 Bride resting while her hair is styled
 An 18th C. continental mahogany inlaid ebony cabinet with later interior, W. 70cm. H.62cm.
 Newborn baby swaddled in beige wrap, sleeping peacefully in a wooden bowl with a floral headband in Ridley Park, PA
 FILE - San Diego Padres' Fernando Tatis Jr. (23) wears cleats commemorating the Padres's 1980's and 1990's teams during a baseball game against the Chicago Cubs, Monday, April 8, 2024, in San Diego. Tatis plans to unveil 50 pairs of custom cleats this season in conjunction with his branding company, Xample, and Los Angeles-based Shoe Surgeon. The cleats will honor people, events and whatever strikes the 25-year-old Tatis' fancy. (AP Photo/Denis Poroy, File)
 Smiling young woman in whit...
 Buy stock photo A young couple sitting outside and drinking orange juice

==

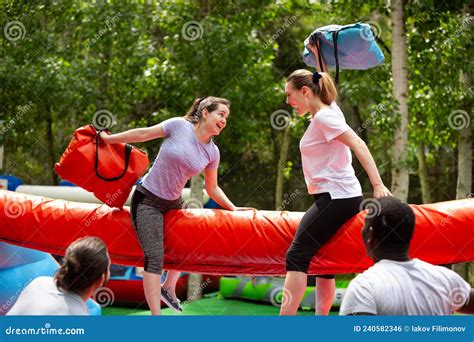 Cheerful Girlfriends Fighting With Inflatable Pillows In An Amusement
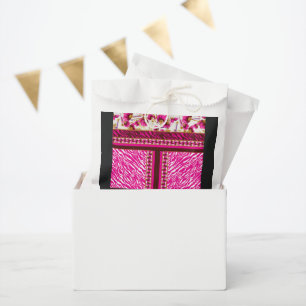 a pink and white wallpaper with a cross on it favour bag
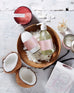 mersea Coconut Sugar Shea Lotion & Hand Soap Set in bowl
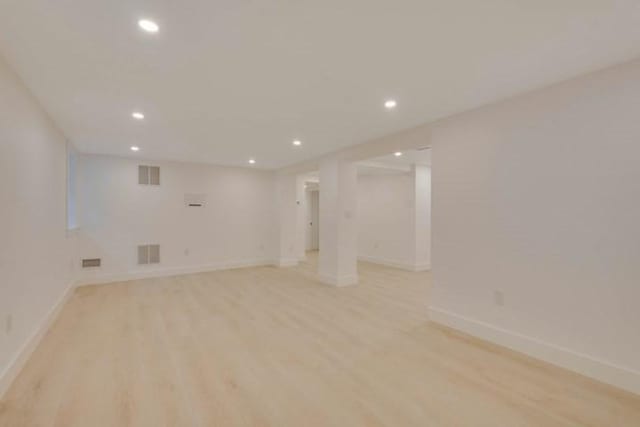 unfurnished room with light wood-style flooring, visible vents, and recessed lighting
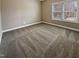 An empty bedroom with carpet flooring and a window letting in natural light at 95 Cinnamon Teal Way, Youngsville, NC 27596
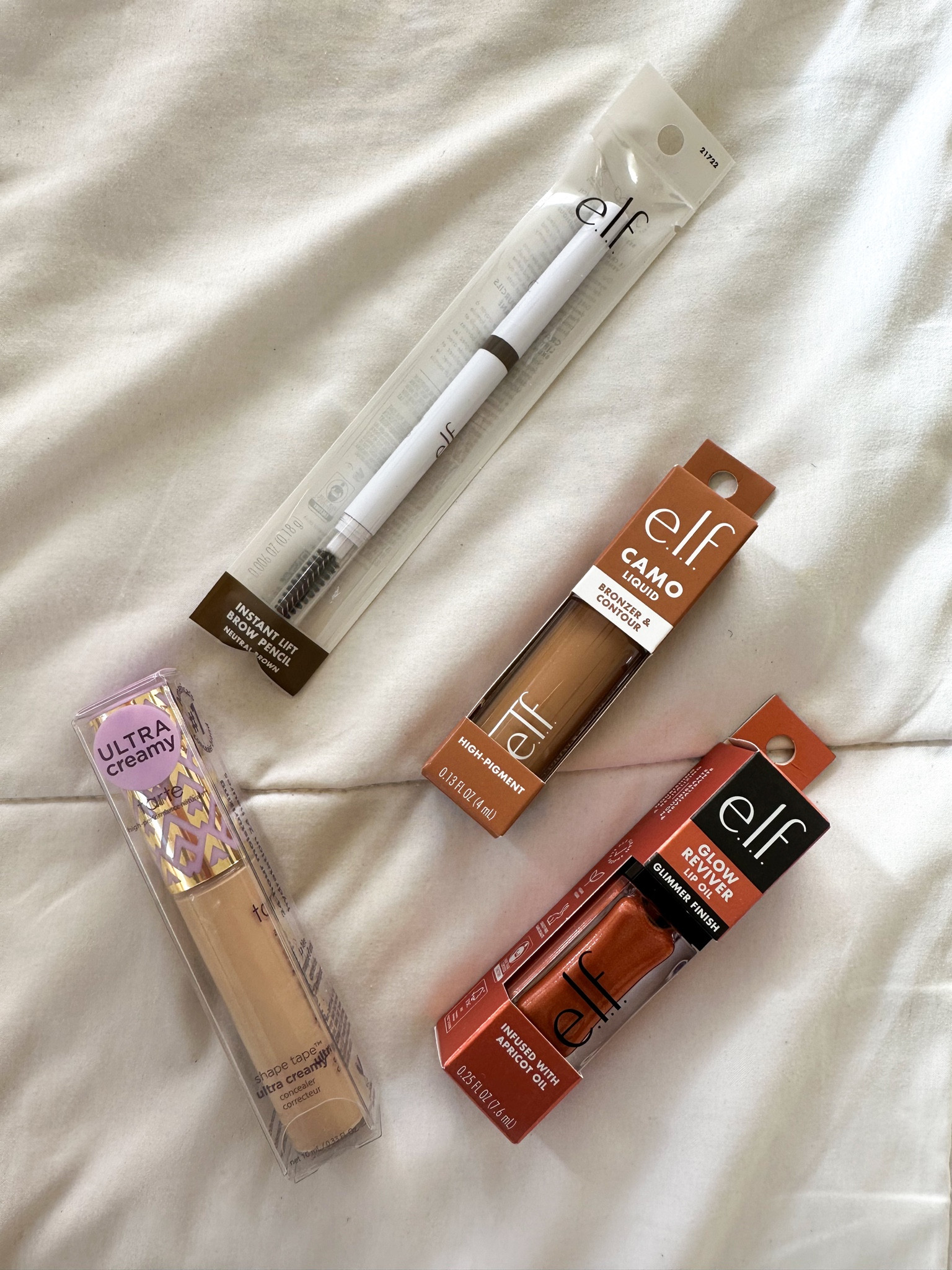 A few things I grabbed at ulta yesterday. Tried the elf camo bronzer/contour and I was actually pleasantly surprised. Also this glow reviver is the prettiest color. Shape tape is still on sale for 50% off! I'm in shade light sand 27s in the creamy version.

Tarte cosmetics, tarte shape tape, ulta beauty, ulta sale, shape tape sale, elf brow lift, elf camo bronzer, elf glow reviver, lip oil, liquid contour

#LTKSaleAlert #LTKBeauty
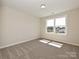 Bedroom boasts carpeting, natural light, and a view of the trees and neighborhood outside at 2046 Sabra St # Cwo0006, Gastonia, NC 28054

■ **Required action**:
Using only the listing above, restate exactly the lines from the line containing "An 18th C. continental" through the line containing "Newborn baby swaddled", both included.

■ **Result of the exercise**:
 An 18th C. continental mahogany inlaid ebony cabinet with later interior, W. 70cm. H.62cm.
 Newborn baby swaddled in beige wrap, sleeping peacefully in a wooden bowl with a floral headband in Ridley Park, PA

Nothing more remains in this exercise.